> [Problem description]
What are the lines from the one containing "Dan sao bong" through the last line of the records below? Return them exactly, leaving out pictures.

Extracted records:
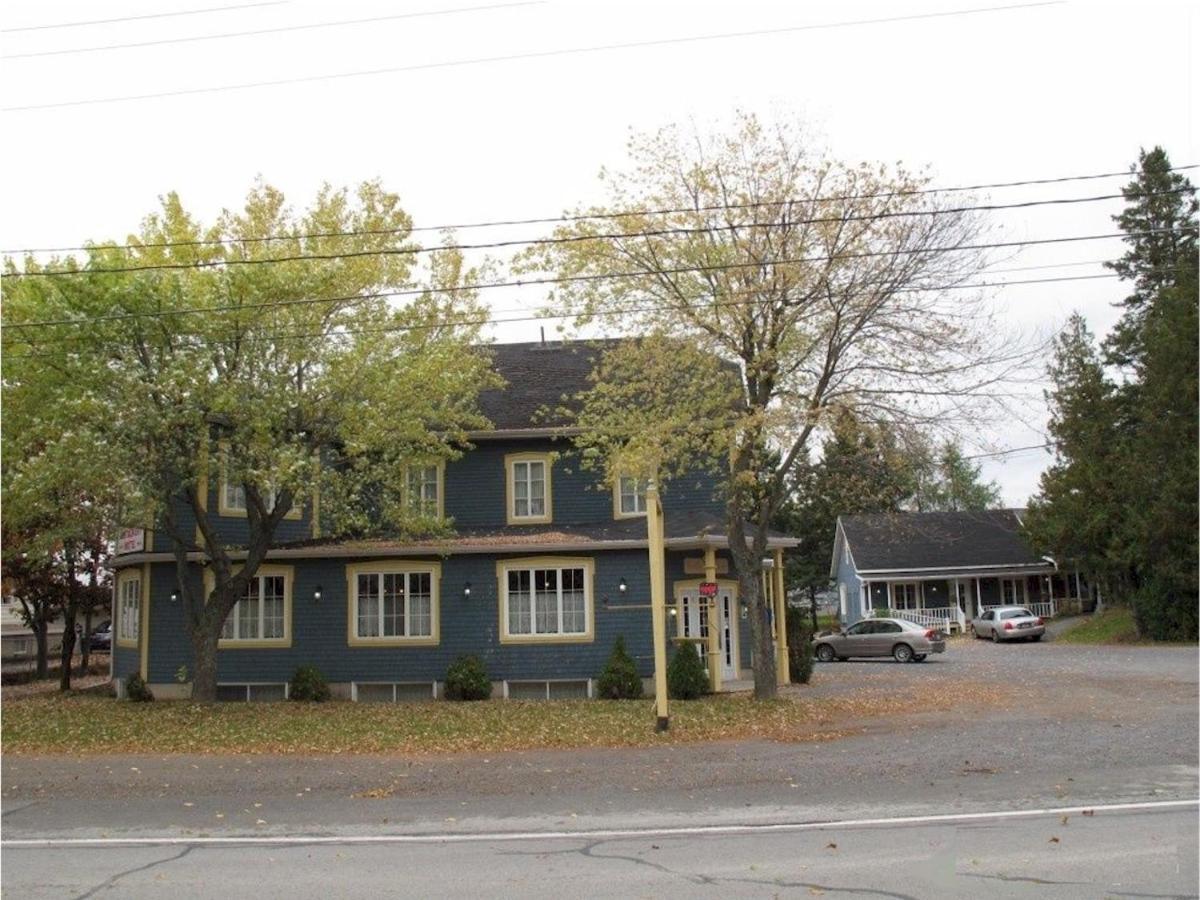 Hotel Fleurs Karaibes Saint-Alexandre-de-Kamouraska Εξωτερικό φωτογραφία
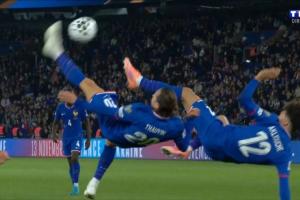 不可思议的一致性！托万x阿克利乌舍上演双人倒钩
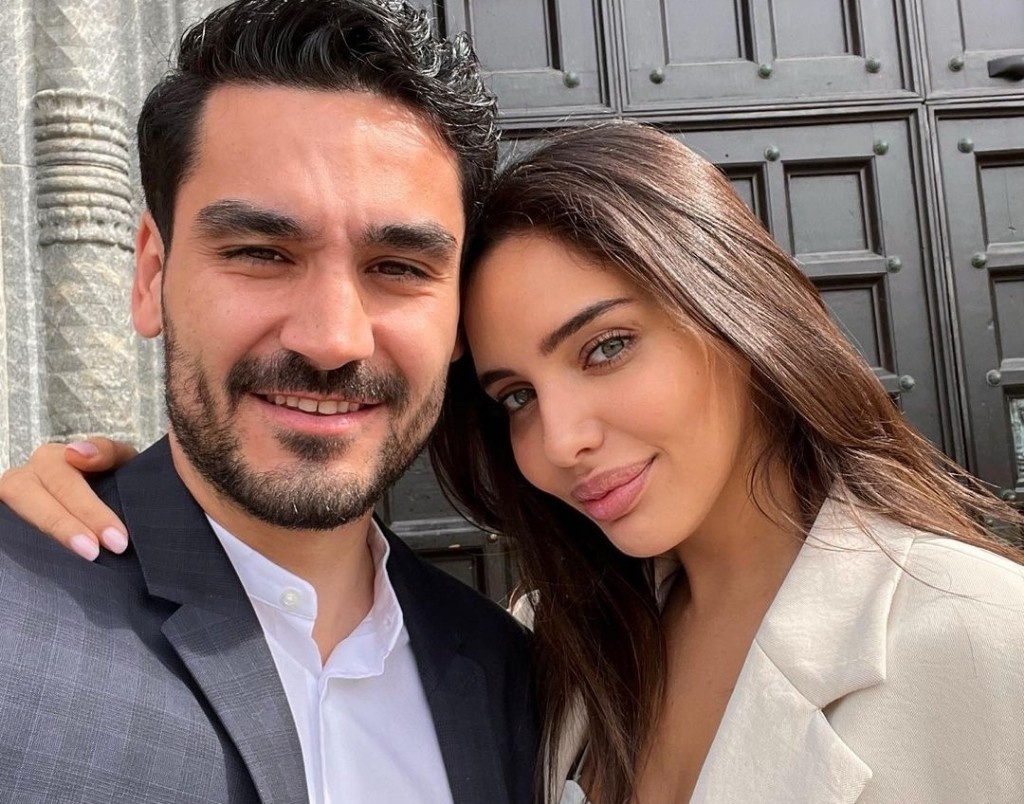 Dan sao bong da to chuc dam cuoi trong he nay hinh anh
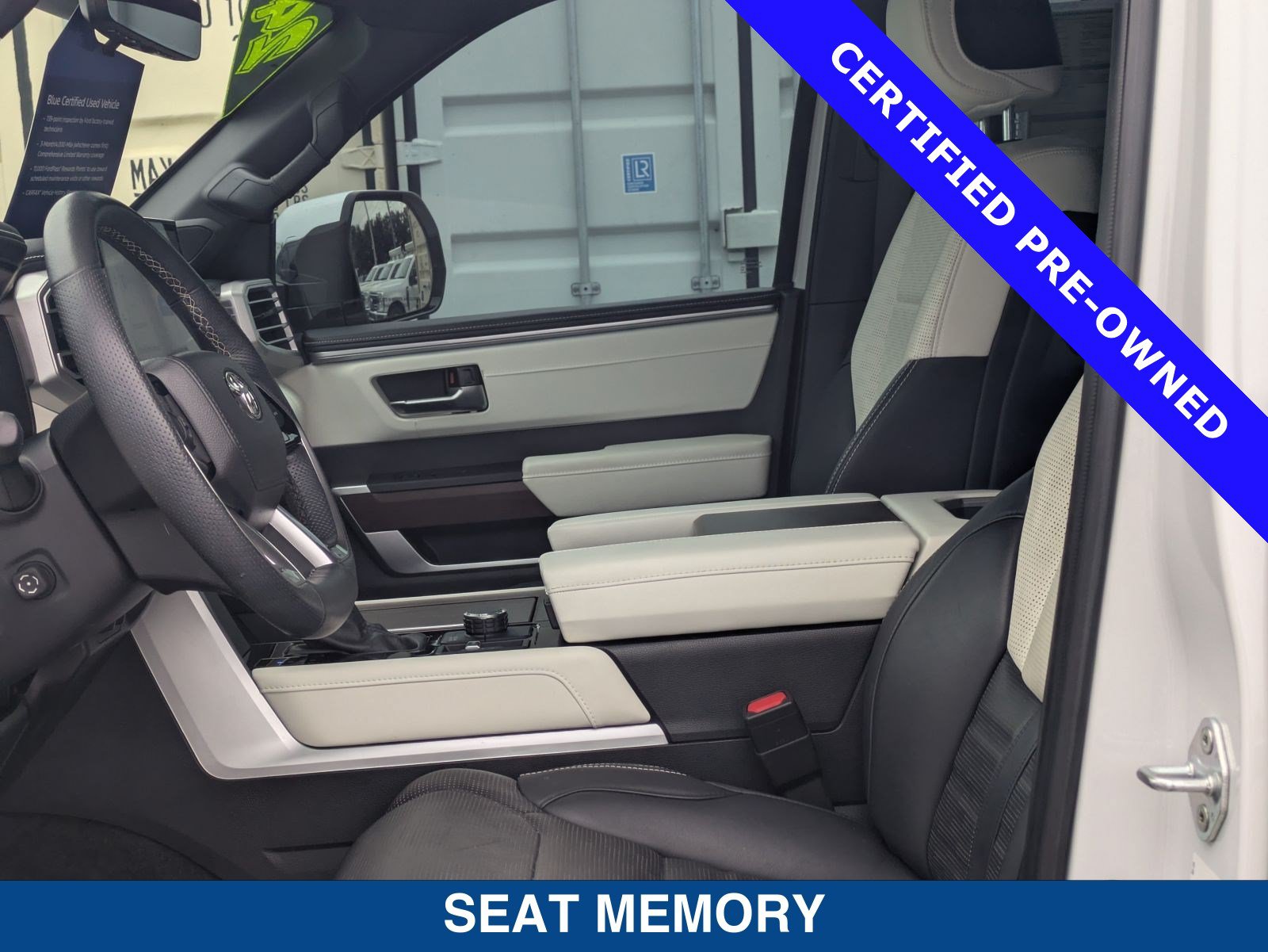 Used 2024 Toyota Sequoia Capstone AWD/4WD image 23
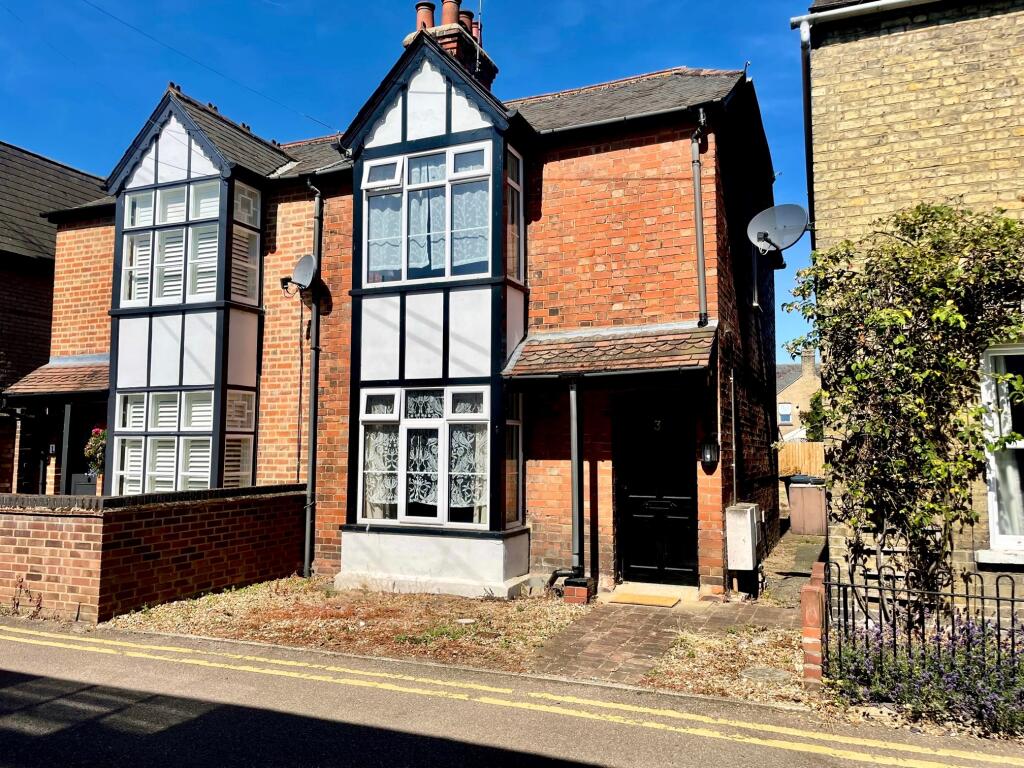 2 bed Detached for rent in St Ives. From Leaders - Huntingdon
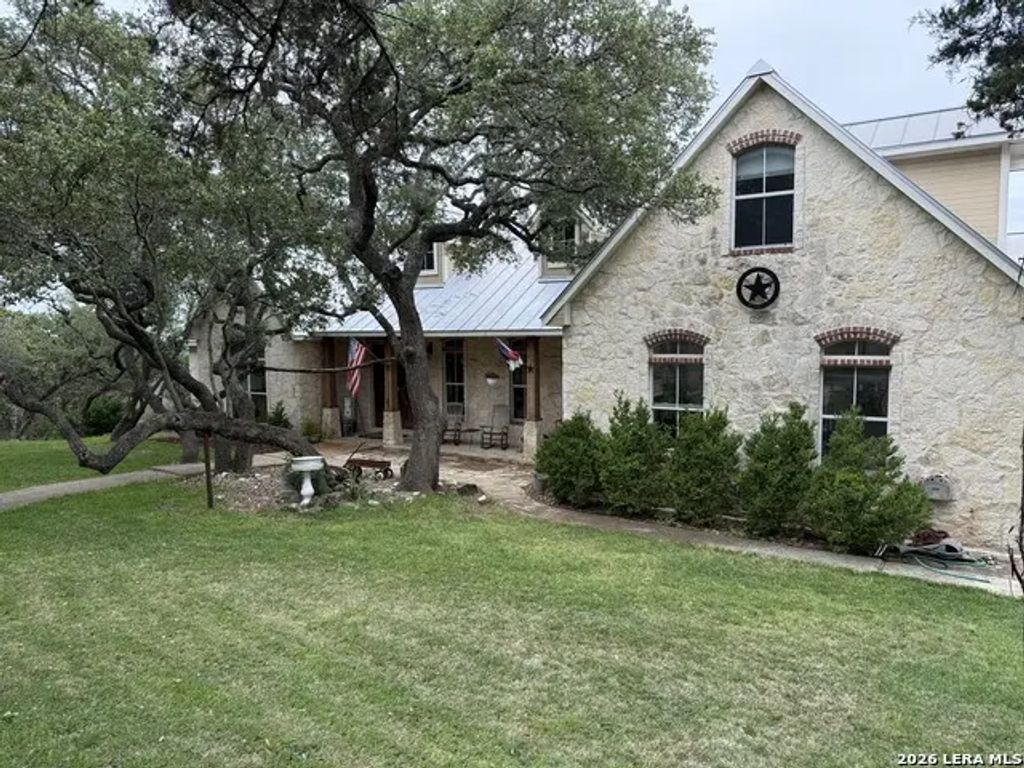26302 Quail Grove Ln, Boerne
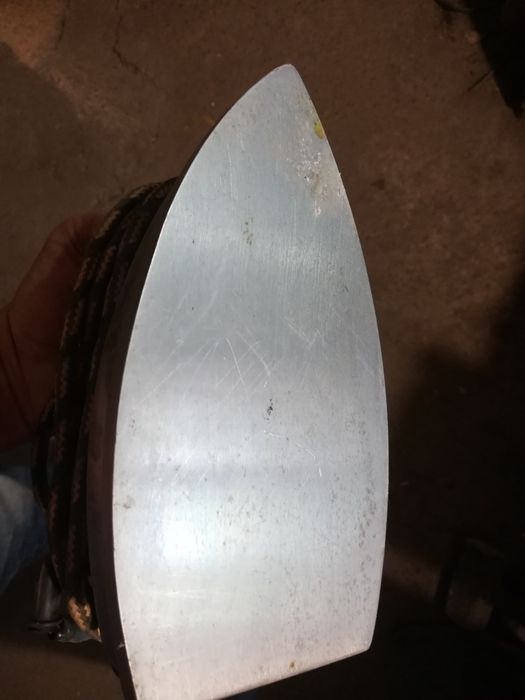 Утюг в рабочем состоянии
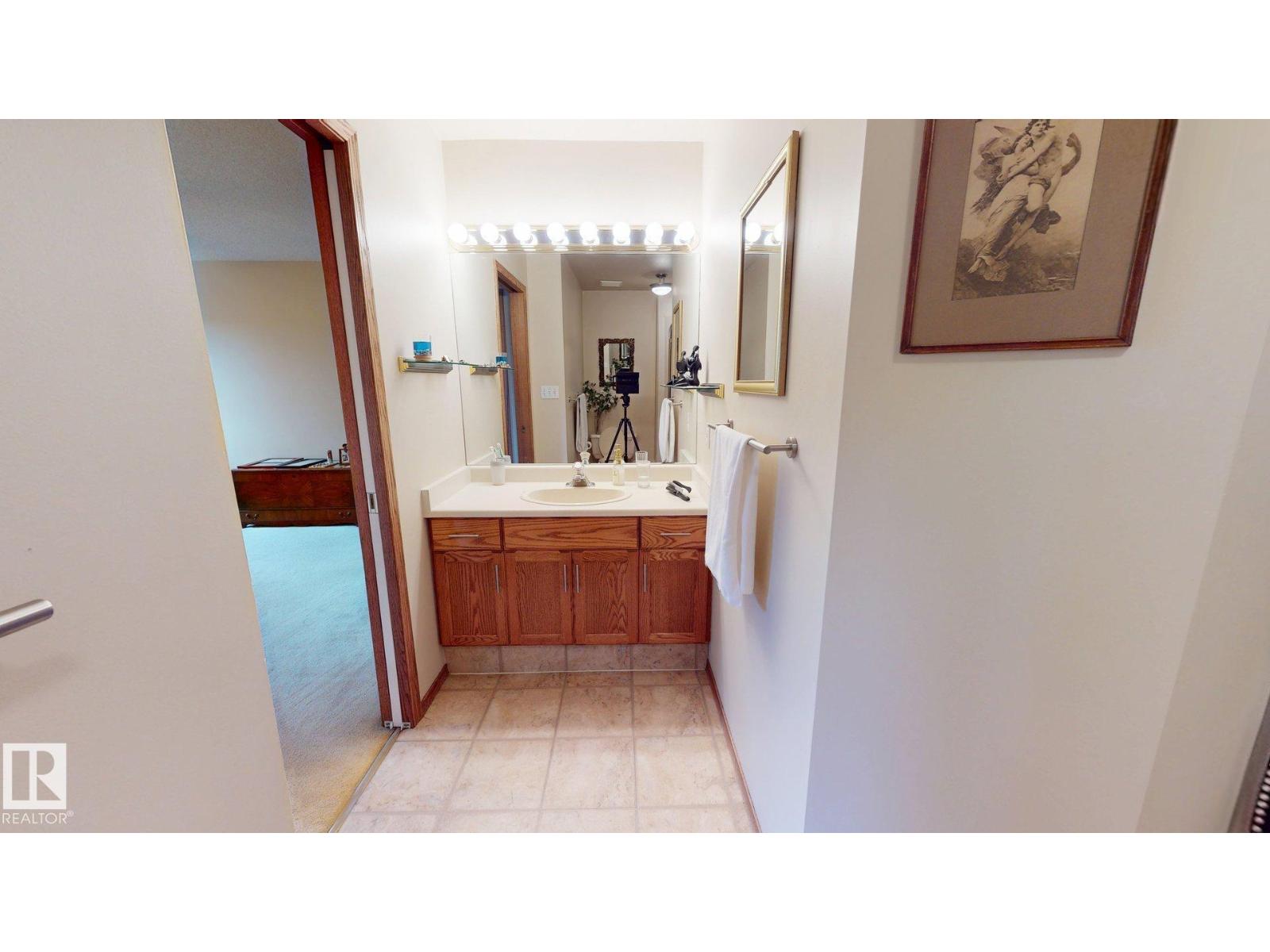 15 Belmont Drive, photo 23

> [Your response]
 Dan sao bong da to chuc dam cuoi trong he nay hinh anh
 Used 2024 Toyota Sequoia Capstone AWD/4WD image 23
 2 bed Detached for rent in St Ives. From Leaders - Huntingdon
26302 Quail Grove Ln, Boerne
 Утюг в рабочем состоянии
 15 Belmont Drive, photo 23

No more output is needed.